> **YOUR GOAL**: Write out the line that contains "Antalya utazás Adalya Elite Lara", then every following line to the end of the records below, with no other lines and no changes.

> **DATA FOR ANALYSIS**:
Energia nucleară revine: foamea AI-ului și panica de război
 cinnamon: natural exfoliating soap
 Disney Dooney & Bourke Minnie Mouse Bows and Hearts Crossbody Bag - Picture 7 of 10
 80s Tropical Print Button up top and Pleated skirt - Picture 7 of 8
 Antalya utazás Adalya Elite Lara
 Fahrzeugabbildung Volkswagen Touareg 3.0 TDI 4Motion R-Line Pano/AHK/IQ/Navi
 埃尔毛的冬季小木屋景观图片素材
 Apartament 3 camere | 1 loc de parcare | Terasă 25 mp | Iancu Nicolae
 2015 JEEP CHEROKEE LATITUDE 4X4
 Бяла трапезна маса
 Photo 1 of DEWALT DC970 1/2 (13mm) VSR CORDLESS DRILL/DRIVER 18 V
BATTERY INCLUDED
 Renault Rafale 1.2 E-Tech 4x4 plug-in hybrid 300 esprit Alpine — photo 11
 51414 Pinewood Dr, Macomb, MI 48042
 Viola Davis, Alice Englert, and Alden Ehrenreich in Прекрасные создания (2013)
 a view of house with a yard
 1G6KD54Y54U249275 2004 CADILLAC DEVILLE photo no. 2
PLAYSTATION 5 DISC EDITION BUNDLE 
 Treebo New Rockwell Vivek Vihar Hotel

> **REPLY**:
 Antalya utazás Adalya Elite Lara
 Fahrzeugabbildung Volkswagen Touareg 3.0 TDI 4Motion R-Line Pano/AHK/IQ/Navi
 埃尔毛的冬季小木屋景观图片素材
 Apartament 3 camere | 1 loc de parcare | Terasă 25 mp | Iancu Nicolae
 2015 JEEP CHEROKEE LATITUDE 4X4
 Бяла трапезна маса
 Photo 1 of DEWALT DC970 1/2 (13mm) VSR CORDLESS DRILL/DRIVER 18 V
BATTERY INCLUDED
 Renault Rafale 1.2 E-Tech 4x4 plug-in hybrid 300 esprit Alpine — photo 11
 51414 Pinewood Dr, Macomb, MI 48042
 Viola Davis, Alice Englert, and Alden Ehrenreich in Прекрасные создания (2013)
 a view of house with a yard
 1G6KD54Y54U249275 2004 CADILLAC DEVILLE photo no. 2
PLAYSTATION 5 DISC EDITION BUNDLE 
 Treebo New Rockwell Vivek Vihar Hotel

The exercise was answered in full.